Action item.
From the records that follow, copy every line that contains the word "Rattan".

┄┄┄┄┄┄┄┄┄┄

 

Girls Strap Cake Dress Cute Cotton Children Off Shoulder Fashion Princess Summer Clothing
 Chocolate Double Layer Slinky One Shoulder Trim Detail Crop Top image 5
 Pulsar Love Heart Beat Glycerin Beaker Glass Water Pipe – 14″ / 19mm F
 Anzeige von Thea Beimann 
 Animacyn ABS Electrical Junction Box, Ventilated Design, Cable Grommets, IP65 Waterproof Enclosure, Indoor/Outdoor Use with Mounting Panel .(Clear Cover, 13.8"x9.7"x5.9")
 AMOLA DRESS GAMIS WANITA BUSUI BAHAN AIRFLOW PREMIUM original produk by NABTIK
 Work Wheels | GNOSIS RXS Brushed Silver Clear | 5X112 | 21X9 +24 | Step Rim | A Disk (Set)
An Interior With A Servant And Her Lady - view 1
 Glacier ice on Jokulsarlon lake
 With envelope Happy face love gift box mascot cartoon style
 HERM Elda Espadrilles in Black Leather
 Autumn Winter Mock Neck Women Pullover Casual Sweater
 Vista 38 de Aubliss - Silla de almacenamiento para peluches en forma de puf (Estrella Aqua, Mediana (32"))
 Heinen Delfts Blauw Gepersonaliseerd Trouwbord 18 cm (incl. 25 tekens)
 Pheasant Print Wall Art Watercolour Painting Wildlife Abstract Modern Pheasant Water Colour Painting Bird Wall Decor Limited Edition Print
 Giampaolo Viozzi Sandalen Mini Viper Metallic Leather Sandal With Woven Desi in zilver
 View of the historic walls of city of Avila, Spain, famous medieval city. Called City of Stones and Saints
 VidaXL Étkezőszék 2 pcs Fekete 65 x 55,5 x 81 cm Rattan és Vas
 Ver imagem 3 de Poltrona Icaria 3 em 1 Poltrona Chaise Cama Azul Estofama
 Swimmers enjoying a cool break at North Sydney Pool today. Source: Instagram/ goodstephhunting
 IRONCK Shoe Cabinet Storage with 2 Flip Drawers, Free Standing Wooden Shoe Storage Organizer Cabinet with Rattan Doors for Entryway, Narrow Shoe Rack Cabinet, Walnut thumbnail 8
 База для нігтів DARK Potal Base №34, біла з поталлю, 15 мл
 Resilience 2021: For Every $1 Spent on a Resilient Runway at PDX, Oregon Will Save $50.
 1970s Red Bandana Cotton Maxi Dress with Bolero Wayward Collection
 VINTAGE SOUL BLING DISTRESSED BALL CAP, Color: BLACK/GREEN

┄┄┄┄┄┄┄┄┄┄

Answer area.
 VidaXL Étkezőszék 2 pcs Fekete 65 x 55,5 x 81 cm Rattan és Vas
 IRONCK Shoe Cabinet Storage with 2 Flip Drawers, Free Standing Wooden Shoe Storage Organizer Cabinet with Rattan Doors for Entryway, Narrow Shoe Rack Cabinet, Walnut thumbnail 8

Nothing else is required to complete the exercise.